Collected data:
>>
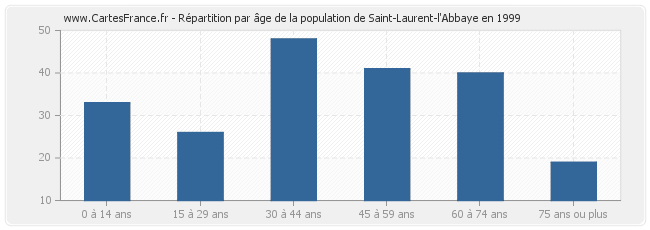 Répartition par âge de la population de Saint-Laurent-l'Abbaye en 1999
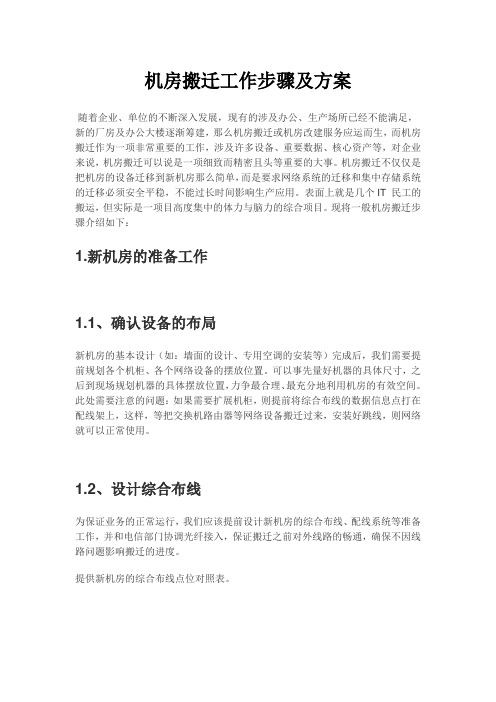 (完整版)机房搬迁工作步骤及方案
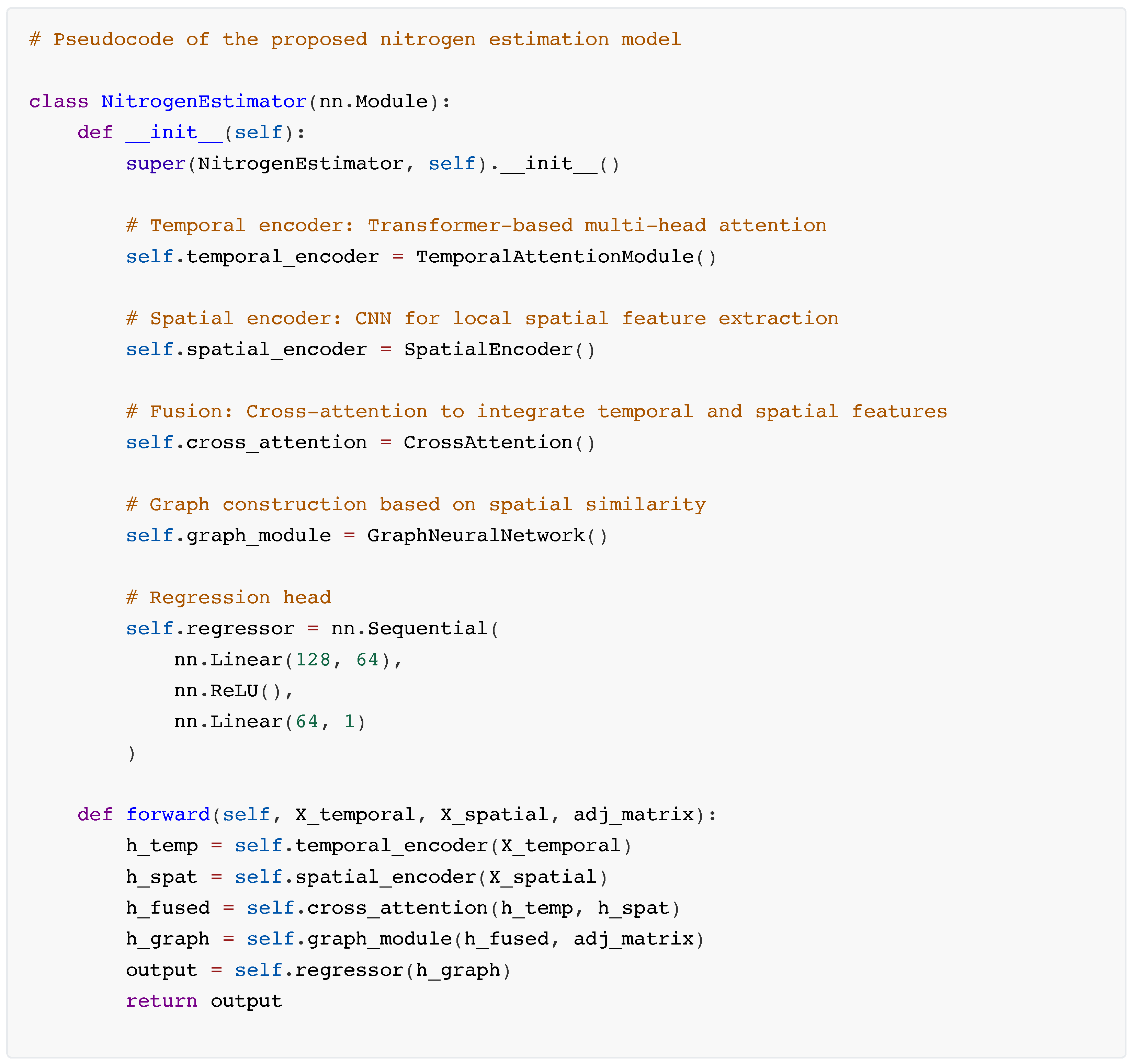 Agronomy 15 01041 g006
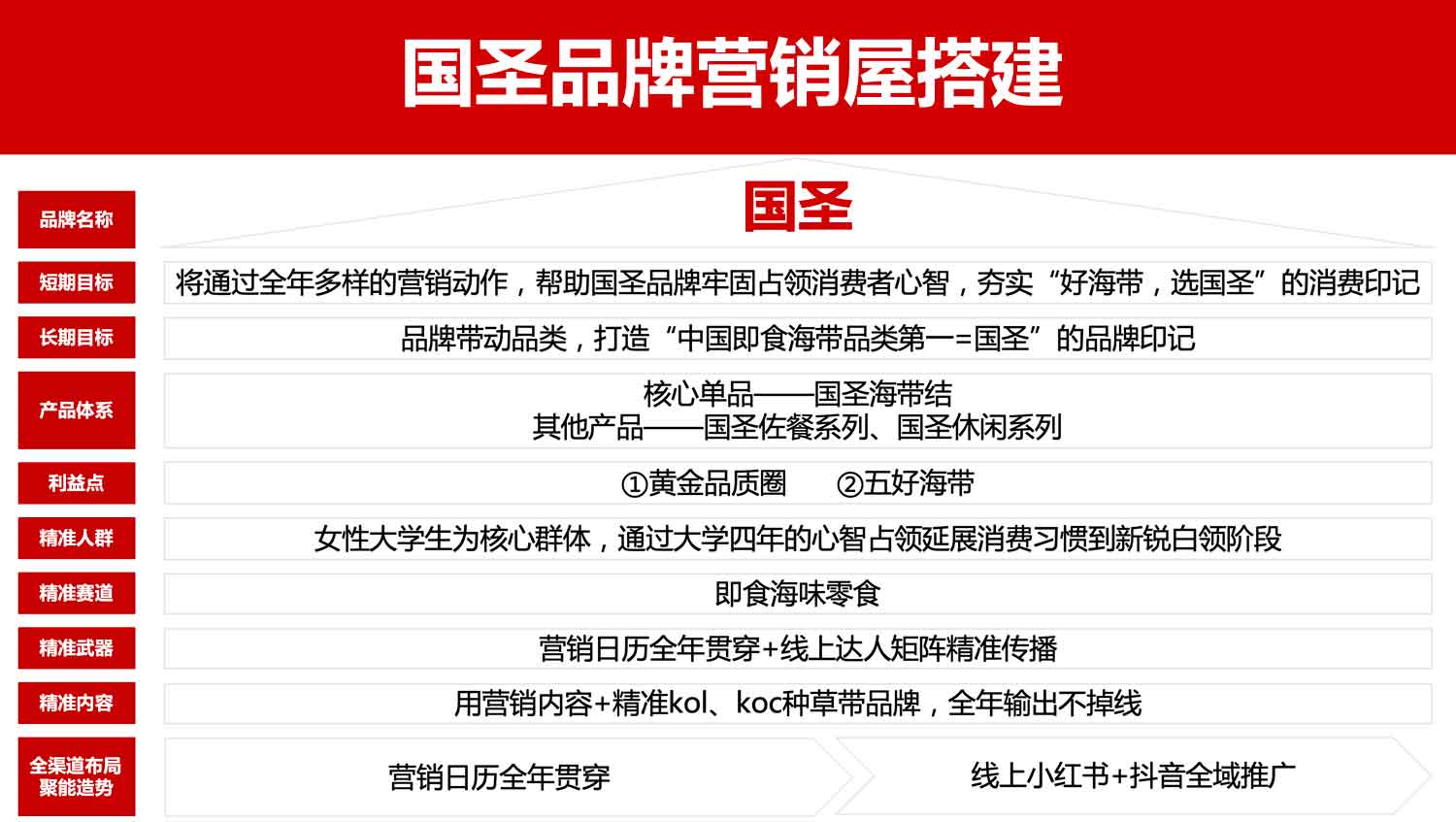 WX20251111-142105@2x.jpg WX20251111-142105@2x.jpg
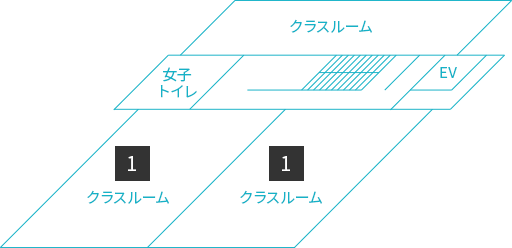 第1校舎4階のフロアマップ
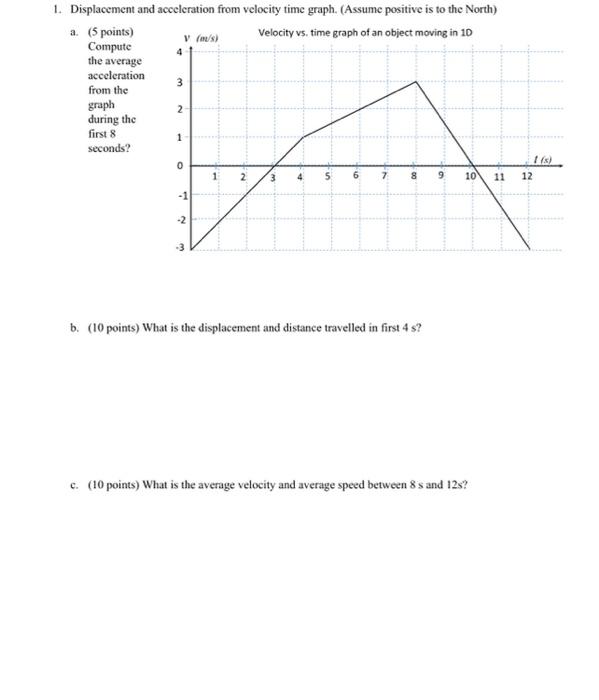 a. (5 points)
Compute
the average
acceleration
from the
graph
during the
first 8
seconds?
b. (10 points) What is the displace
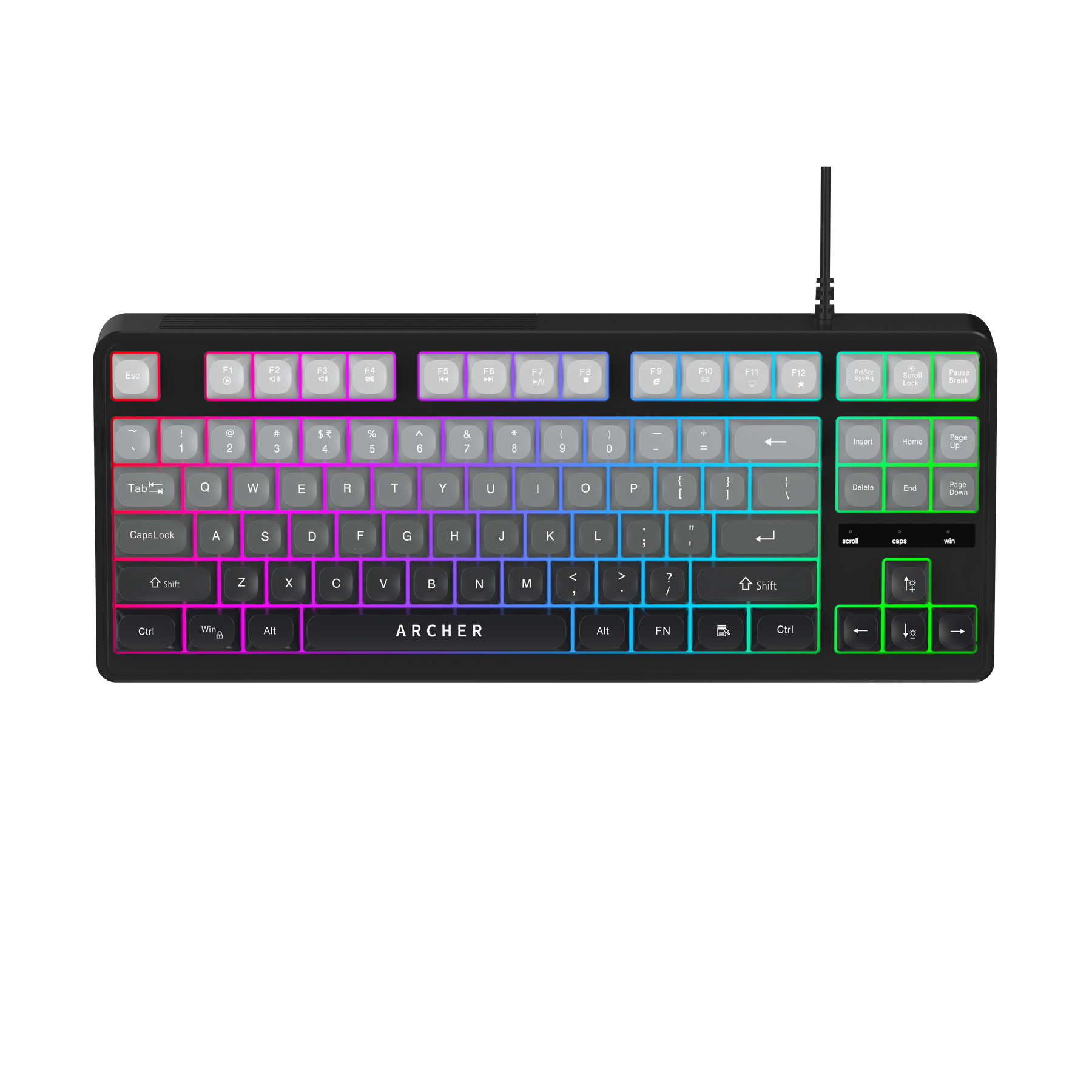 Astra G300 Wired RGB Gaming Keyboard & Mouse Combo (GRY)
<<
### What the task asks
Restate the data word for word without pictures.

### Output
 Répartition par âge de la population de Saint-Laurent-l'Abbaye en 1999
 (完整版)机房搬迁工作步骤及方案
 Agronomy 15 01041 g006
 WX20251111-142105@2x.jpg WX20251111-142105@2x.jpg
 第1校舎4階のフロアマップ
 a. (5 points)
Compute
the average
acceleration
from the
graph
during the
first 8
seconds?
b. (10 points) What is the displace
 Astra G300 Wired RGB Gaming Keyboard & Mouse Combo (GRY)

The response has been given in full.